Africa’s oil, gas sectors can consume Africa’s unemployed youth
Lazarus Sauti
Young people aged between 15 and 25 represent more than 60
percent of Africa’s total population and account for 45 percent of the total
labour force, says the African Economic Outlook.
It adds that unlike other developing regions, Africa’s
population is becoming more youthful, with youth as a proportion of the total
population projected at over 75 percent by 2015, due to the high fertility rate
underlying the demographic momentum.
Further, notes the African Economic Outlook, it is expected
that this increase in the number of young people will not decline before 20
years or more.
The challenge, therefore, is for African governments to
provide labour for this booming population.
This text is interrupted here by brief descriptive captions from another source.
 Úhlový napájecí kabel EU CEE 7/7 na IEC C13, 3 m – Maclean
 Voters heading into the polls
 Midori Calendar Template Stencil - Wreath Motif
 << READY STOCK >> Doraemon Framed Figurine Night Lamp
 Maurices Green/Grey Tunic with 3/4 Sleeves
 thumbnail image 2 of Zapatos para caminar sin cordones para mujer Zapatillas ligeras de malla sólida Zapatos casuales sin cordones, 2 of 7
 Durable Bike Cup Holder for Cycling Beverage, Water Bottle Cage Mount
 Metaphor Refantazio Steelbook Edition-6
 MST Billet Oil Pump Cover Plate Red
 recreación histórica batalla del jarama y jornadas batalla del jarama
This means governments, private and
public sector players as well as development partners in the continent must
look for ways to consume unemployed youths.
One ways, according to the United Nations Conference on Trade and Development (UNCTAD), is to
exploit oil, gas and mining sectors.
“The oil, gas and mining industries – currently
employing around 1 percent of Africa’s workforce – can do more to create more
stable, direct and indirect wage-paying jobs that not only promote economic
growth, but also protect the environment and foster social inclusion,” said the
UNCTAD.
In Africa, only around 5 million new jobs are
created for more than 12 million young women and men joining the labour force
every year, but an International Finance Corporation study in Ghana found, for
example, that the creation of one direct job in the mining sector could
generate 27 additional jobs in the wider economy.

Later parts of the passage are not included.